-- Source data follows --

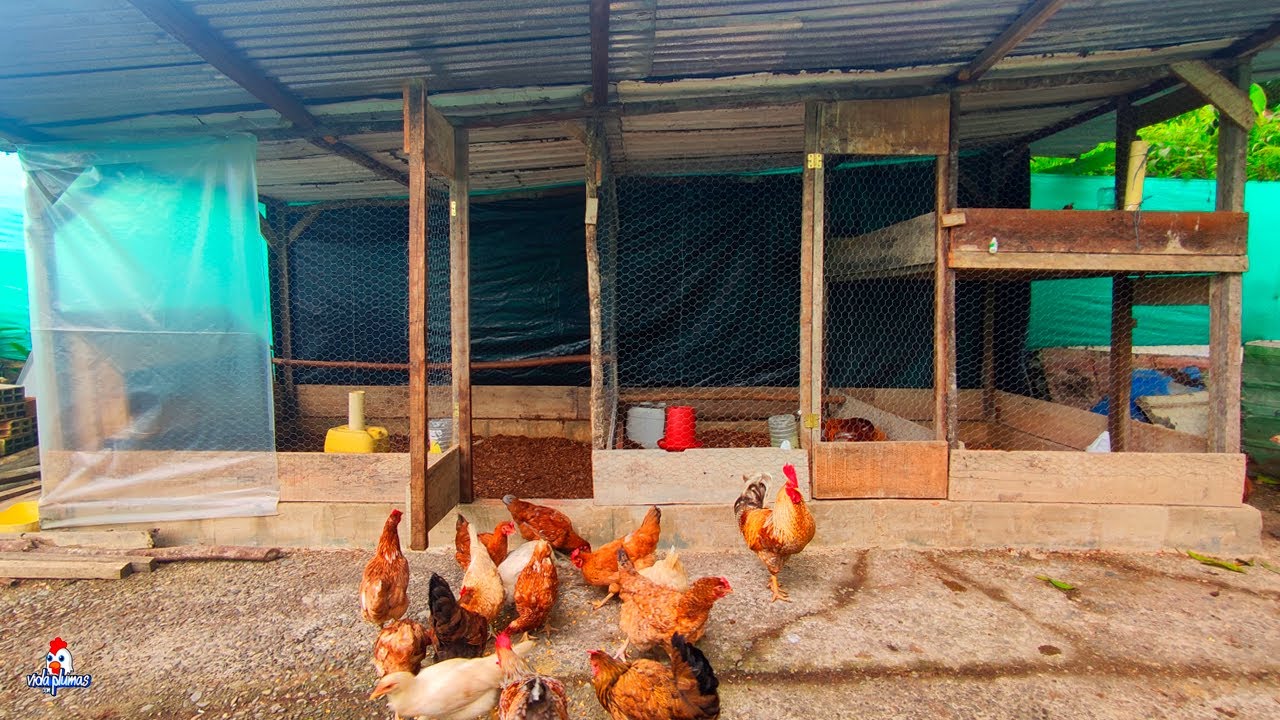 Mira como hice mi gallinero paso a paso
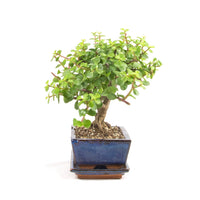Speckbaum 'Portulacaria afra'
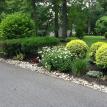 Plants along a driveway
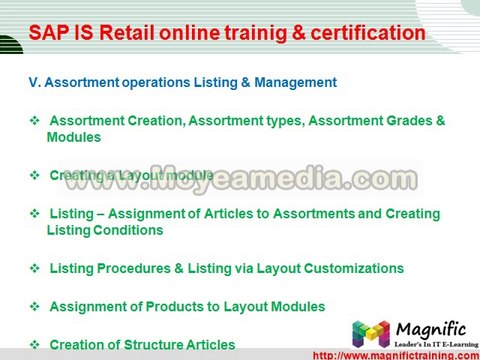 sap is retail online training by it experts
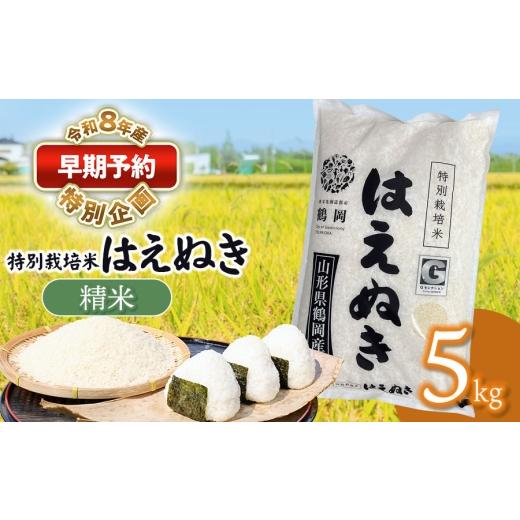 ふるさと納税 米 はえぬき 山形県 鶴岡市 早期予約特別企画 令和8年産先行予約 特別栽培米 はえぬき 精米 5kg (5kg×1袋) 山形県鶴岡産 鶴岡協同ファーム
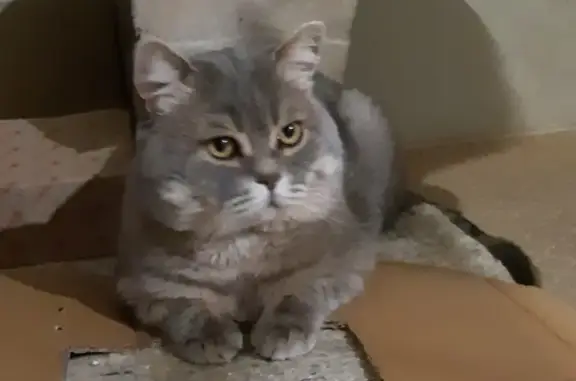 Кошки потеряшки, Новосибирск, фото: Потеряшка кошка на улице Фадеева, 91, Новосибирск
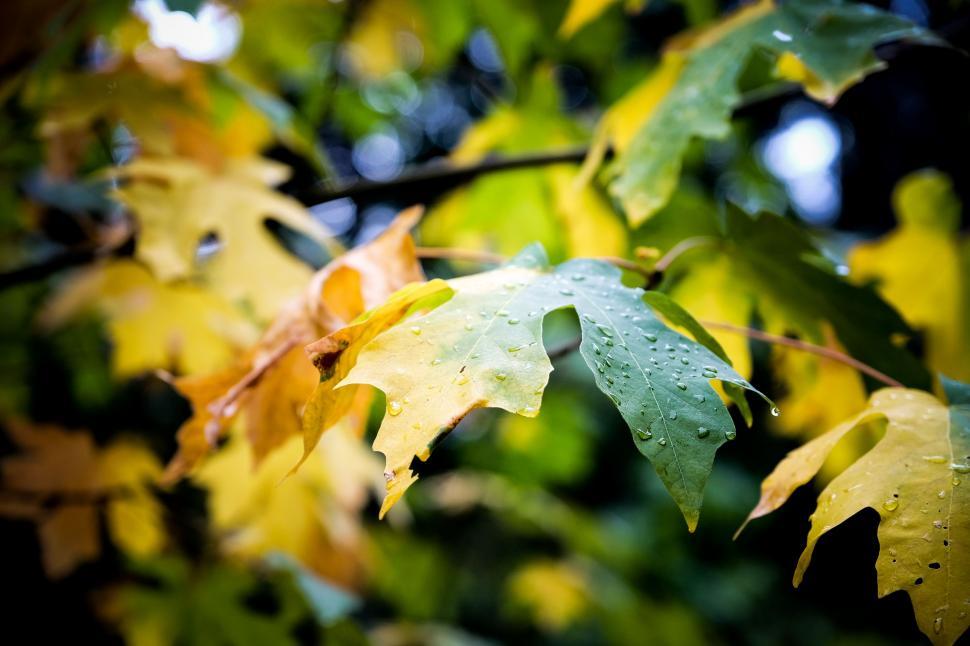 Free Image of Close Up of a Leaf on a Tree 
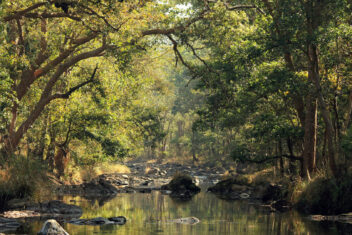 Parque Nacional de Kanha — India Parques Naturales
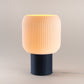 Aspen Plus Modern Table Lamp | Warm Ambient Lighting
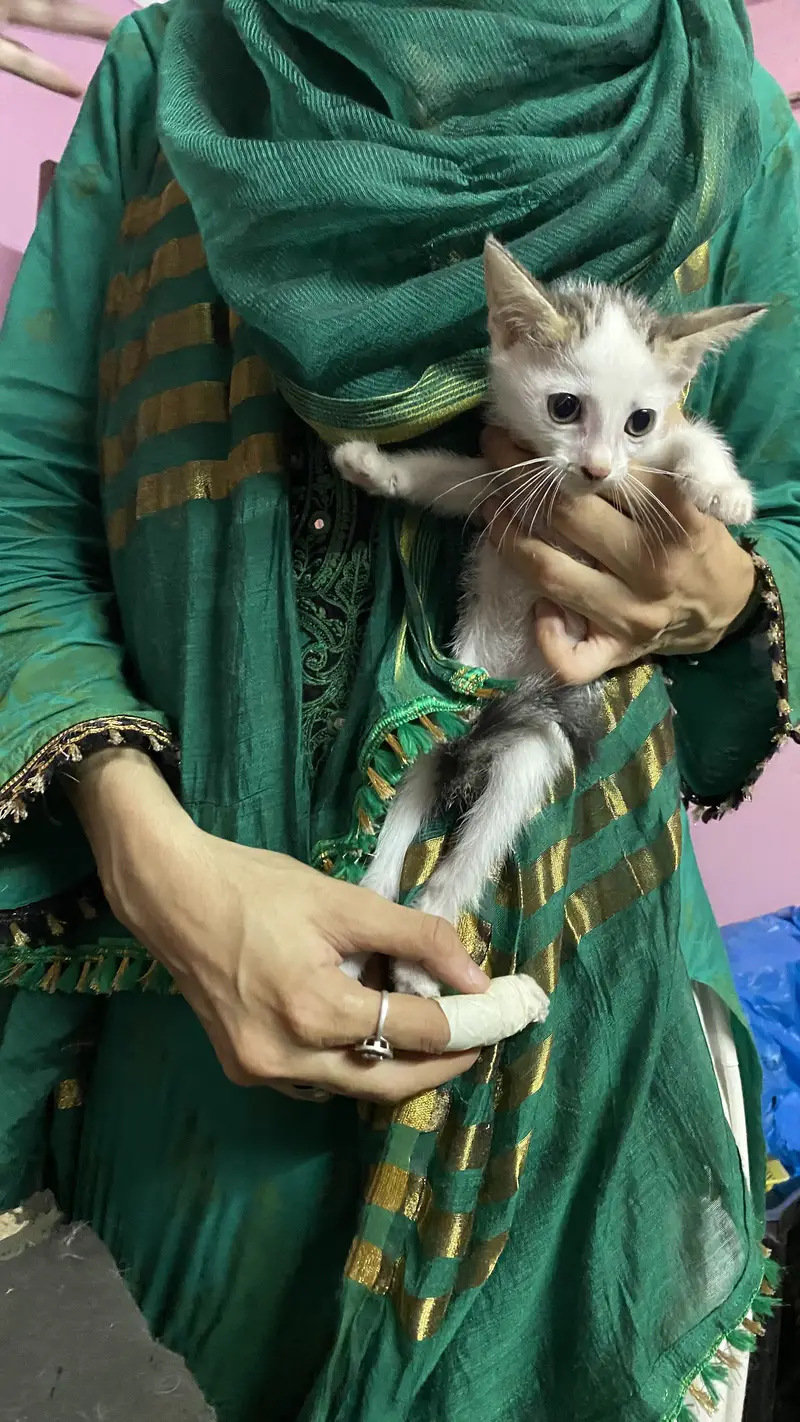 3 cats for 5000 Pakistani home breed cats for sale — photo 7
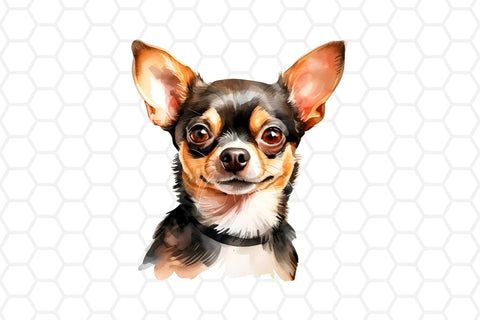 Watercolor Chihuahua Clipart PNG Sublimation DreanArtDesign 
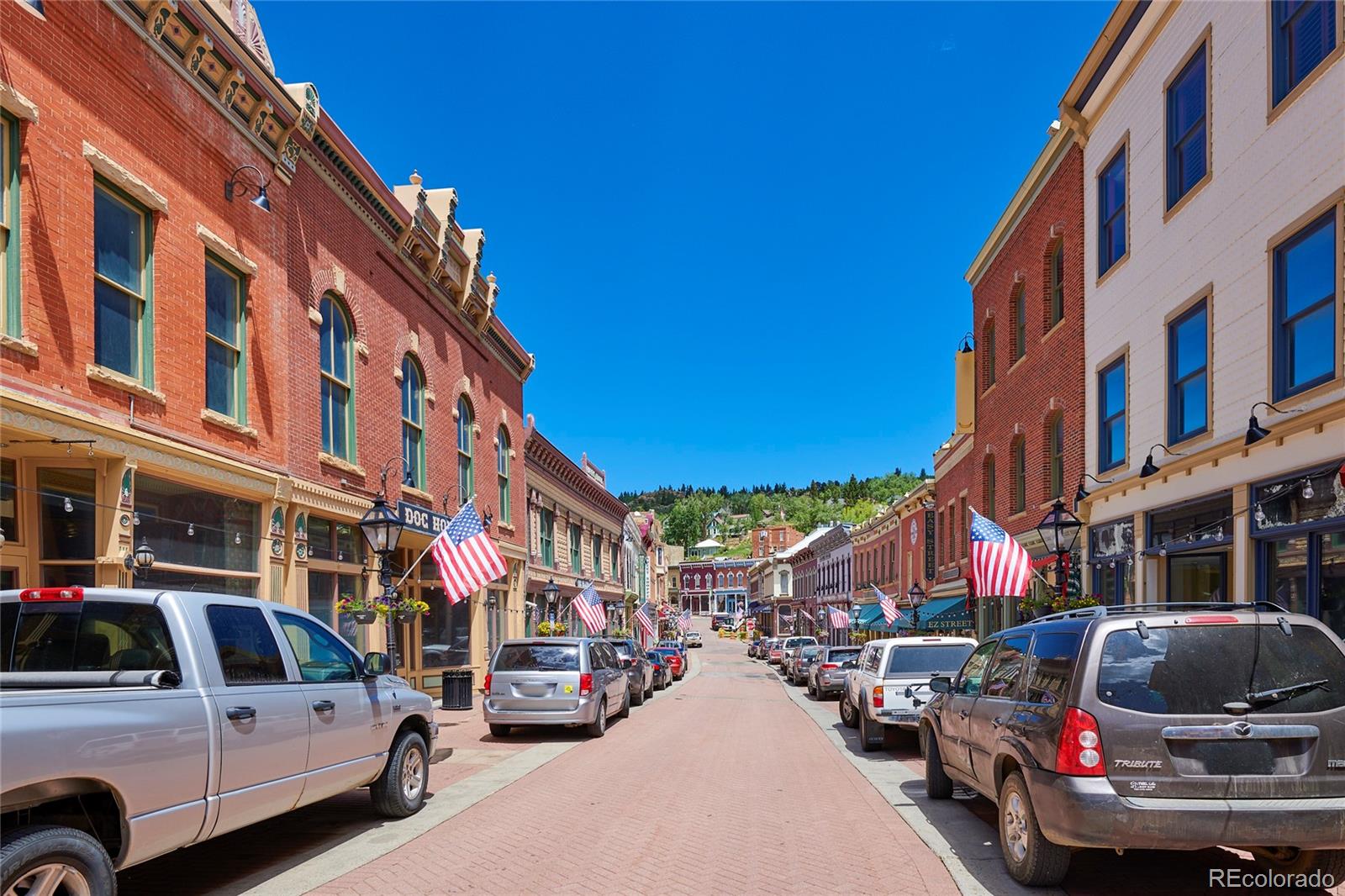 MLS Image #22 for 424  saint james street,central city, Colorado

-- Source data concluded --

Exercise objective -
When you reach the line containing "ふるさと納税 米 はえぬき" in the listing above, reproduce it and every line after it through the last, exactly; omit the pictures.

Output of the exercise -
 ふるさと納税 米 はえぬき 山形県 鶴岡市 早期予約特別企画 令和8年産先行予約 特別栽培米 はえぬき 精米 5kg (5kg×1袋) 山形県鶴岡産 鶴岡協同ファーム
 Кошки потеряшки, Новосибирск, фото: Потеряшка кошка на улице Фадеева, 91, Новосибирск
 Free Image of Close Up of a Leaf on a Tree 
 Parque Nacional de Kanha — India Parques Naturales
 Aspen Plus Modern Table Lamp | Warm Ambient Lighting
 3 cats for 5000 Pakistani home breed cats for sale — photo 7
 Watercolor Chihuahua Clipart PNG Sublimation DreanArtDesign 
 MLS Image #22 for 424  saint james street,central city, Colorado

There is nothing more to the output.